The 3D reconstruction of a scene is a multi-step process that can be split into feature detection and matching (detecting the 2D positions of the 3D points projection within the images) and the SfM solving for retrieving 3D points position and camera poses.

2.4.1. Feature Matching

Feature matching enables to detect the most interesting 3D points for the reconstrction. A point is considered a point of interest if it is easy to spot, even on images at different scales and with different rotations, and if it is seen on a significant number of images. COLMAP uses the SIFT (Scale Invariant Feature Transform) algorithm to detect and match points of interest within images. In practice, the points detected by SIFT are those with a high contrast to their surroundings.
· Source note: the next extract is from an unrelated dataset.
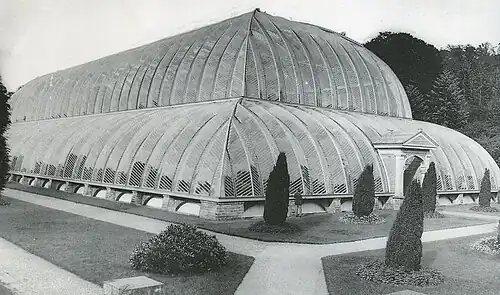 La grande serre de Chatsworth (1836-1840) Long : 84 m, haut : 19 m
With COLMAP, the detection and matching of points of interest is carried out in two stages:

- Detection of potential points of interest (Feature Extraction)
- Matching detected points between images (Feature Matching)

Exercise 4.

Within the COLMAP window, from the Processing menu, select the Feature Extraction item.

Within the new Feature Extraction window:

Select SIMPLE_RADIAL for the Camera Model combo box (this field describe the nature of the calibration)
Ensure that the Shared for All images checkbox is checked (as all images have been produces by a single camera)
Select Custom parameters and fill the corresponding text field with values 2559.68, 1536, 1152, -0.0204997 that respectively represents $f,\ c_{x},\ c_{y},\ k$ parameters for the current project
Click on the Extract button

The extraction is performed (a progress windows appears). At the end of the process, the Feature Extraction windows can be closed.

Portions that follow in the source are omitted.